[Records from a collection]
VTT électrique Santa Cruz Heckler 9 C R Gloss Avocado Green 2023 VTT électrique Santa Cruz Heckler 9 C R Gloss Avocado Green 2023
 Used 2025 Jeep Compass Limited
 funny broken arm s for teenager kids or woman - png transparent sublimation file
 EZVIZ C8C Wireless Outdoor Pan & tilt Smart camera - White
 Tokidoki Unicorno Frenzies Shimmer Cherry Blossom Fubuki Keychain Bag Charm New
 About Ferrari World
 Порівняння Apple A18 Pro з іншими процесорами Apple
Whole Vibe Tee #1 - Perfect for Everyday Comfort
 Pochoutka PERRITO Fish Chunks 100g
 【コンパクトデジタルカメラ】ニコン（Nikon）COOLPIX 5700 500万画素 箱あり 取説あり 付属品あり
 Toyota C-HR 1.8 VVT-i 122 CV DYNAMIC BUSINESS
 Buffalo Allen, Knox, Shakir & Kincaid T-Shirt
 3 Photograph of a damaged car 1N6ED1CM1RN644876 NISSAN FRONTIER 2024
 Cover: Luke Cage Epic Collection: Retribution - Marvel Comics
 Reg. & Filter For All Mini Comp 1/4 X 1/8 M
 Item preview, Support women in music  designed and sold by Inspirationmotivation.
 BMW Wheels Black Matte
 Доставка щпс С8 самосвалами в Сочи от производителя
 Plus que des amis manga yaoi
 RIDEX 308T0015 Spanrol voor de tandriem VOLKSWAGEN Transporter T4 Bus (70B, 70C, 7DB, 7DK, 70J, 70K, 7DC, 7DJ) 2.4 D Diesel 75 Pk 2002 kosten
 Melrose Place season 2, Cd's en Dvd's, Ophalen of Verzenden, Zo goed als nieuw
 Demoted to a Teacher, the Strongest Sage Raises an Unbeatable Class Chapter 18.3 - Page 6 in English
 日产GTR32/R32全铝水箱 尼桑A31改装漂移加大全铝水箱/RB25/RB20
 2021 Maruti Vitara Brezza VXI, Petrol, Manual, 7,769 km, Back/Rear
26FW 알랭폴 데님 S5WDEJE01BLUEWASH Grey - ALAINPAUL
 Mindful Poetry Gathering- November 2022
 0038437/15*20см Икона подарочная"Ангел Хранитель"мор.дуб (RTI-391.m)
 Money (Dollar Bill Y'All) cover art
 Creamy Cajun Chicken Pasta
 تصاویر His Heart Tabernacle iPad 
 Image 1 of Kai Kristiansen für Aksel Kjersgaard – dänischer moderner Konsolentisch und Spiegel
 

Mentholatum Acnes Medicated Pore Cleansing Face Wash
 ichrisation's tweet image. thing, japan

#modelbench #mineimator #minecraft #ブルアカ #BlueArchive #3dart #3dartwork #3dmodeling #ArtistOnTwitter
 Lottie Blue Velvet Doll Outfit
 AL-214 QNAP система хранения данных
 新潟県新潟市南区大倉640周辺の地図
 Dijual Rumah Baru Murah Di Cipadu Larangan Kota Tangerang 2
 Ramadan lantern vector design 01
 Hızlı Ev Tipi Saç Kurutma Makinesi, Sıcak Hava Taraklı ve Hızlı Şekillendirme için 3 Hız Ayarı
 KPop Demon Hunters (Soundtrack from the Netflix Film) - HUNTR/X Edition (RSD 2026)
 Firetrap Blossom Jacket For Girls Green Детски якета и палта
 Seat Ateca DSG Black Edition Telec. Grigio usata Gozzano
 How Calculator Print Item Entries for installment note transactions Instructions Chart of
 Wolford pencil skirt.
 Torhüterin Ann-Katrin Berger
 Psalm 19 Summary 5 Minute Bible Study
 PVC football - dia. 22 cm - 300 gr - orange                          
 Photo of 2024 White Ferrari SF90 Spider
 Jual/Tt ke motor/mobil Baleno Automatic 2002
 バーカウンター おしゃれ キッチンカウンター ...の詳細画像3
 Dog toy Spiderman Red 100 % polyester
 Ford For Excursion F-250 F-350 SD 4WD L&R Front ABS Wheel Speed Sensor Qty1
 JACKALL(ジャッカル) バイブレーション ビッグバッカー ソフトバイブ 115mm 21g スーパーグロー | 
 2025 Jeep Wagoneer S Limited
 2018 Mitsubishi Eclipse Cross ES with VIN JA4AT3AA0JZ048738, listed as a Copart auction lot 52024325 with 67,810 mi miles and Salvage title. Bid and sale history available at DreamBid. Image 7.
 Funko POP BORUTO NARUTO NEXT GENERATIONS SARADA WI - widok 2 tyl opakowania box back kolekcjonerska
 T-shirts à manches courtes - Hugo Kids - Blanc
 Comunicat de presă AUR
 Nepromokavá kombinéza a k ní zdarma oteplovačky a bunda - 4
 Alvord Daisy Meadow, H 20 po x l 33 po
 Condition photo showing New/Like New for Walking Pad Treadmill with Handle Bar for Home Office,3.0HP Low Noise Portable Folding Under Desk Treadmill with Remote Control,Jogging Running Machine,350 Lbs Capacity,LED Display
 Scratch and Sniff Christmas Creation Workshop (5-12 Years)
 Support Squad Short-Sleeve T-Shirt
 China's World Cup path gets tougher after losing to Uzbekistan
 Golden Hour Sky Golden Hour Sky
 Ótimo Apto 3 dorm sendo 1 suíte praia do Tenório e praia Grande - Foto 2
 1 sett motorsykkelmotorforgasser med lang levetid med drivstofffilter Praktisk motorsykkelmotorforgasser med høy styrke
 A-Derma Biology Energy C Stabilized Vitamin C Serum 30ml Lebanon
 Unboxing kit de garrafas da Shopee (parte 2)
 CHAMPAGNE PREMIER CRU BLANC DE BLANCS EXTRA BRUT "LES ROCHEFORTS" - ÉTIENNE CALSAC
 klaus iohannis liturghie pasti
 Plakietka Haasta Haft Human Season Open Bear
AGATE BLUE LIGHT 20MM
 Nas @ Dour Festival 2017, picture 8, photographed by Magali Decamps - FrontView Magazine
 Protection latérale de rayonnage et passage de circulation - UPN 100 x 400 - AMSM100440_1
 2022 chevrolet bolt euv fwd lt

> **YOUR OBJECTIVE**:
Return a word-for-word copy of the lines above from the one holding "Tokidoki Unicorno Frenzies" through the one holding "Reg. & Filter For All Mini Comp 1/4 X 1/8 M", with both of them included and nothing besides.

> **RESPONSE AREA**:
 Tokidoki Unicorno Frenzies Shimmer Cherry Blossom Fubuki Keychain Bag Charm New
 About Ferrari World
 Порівняння Apple A18 Pro з іншими процесорами Apple
Whole Vibe Tee #1 - Perfect for Everyday Comfort
 Pochoutka PERRITO Fish Chunks 100g
 【コンパクトデジタルカメラ】ニコン（Nikon）COOLPIX 5700 500万画素 箱あり 取説あり 付属品あり
 Toyota C-HR 1.8 VVT-i 122 CV DYNAMIC BUSINESS
 Buffalo Allen, Knox, Shakir & Kincaid T-Shirt
 3 Photograph of a damaged car 1N6ED1CM1RN644876 NISSAN FRONTIER 2024
 Cover: Luke Cage Epic Collection: Retribution - Marvel Comics
 Reg. & Filter For All Mini Comp 1/4 X 1/8 M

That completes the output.